The Governor said the judicial arm of the government played critical roles in ensuring law and order through the protection of rights of the citizenry irrespective of status and background.
Sanwo-Olu who was represented by Deputy Governor, Dr. Obafemi Hamzat at a Special Service held at the Central Mosque, Lagos Island, by the State Judiciary to mark the 2019/2020 Legal Year, said his administration was committed to proffer solutions to challenges slowing down efficient justice delivery in the State.
He listed one of the obstacles against justice delivery to include lack of adequate courtrooms, disclosing that the current administration had approved the completion of the combined High and Magistrate Court complex in Ajah.

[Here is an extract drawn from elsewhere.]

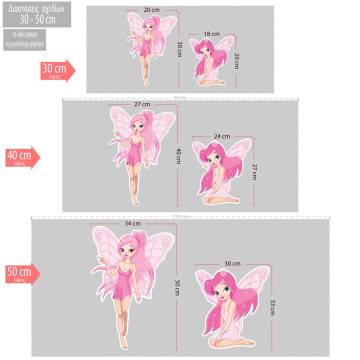 Fairies set 2 pc wooden figure printed 2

He said: “The judicial arm of government is an important institution that plays critical roles in ensuring law and order in the society. This is done through the protection of rights of the citizens, irrespective of status, political affiliation or background.
“As leader of the government, we are committed to the ideal of justice for all parties and independence of the judiciary. We will support the judicial arm to overcome challenges that may be obstacles to effectiveness, efficiency and speedy delivery of justice.”
In his remarks, the Chief Judge, Hon. Justice Kazeem Alogba expressed gratitude to the executive arm of government for its support and cooperation, reiterating that the judiciary under his watch would continue to dispense justice without bias and favour.
The Chief Judge added that his aim was to create an independent judiciary by ensuring fair and responsive system of justice, with focus on excellence.
Speaking on the theme: “Concept of Justice in Islam”, the Guest Speakers, Dr. Marufudeen Shittu and Imam Babatunde Alfa-Nla, stressed the need for judicial officers to be fair and just in the dispensation of justice.
The clerics opined that Allah is the greatest judge, urging the members of the judicial arm to be fair to all parties in adjudication before giving verdicts.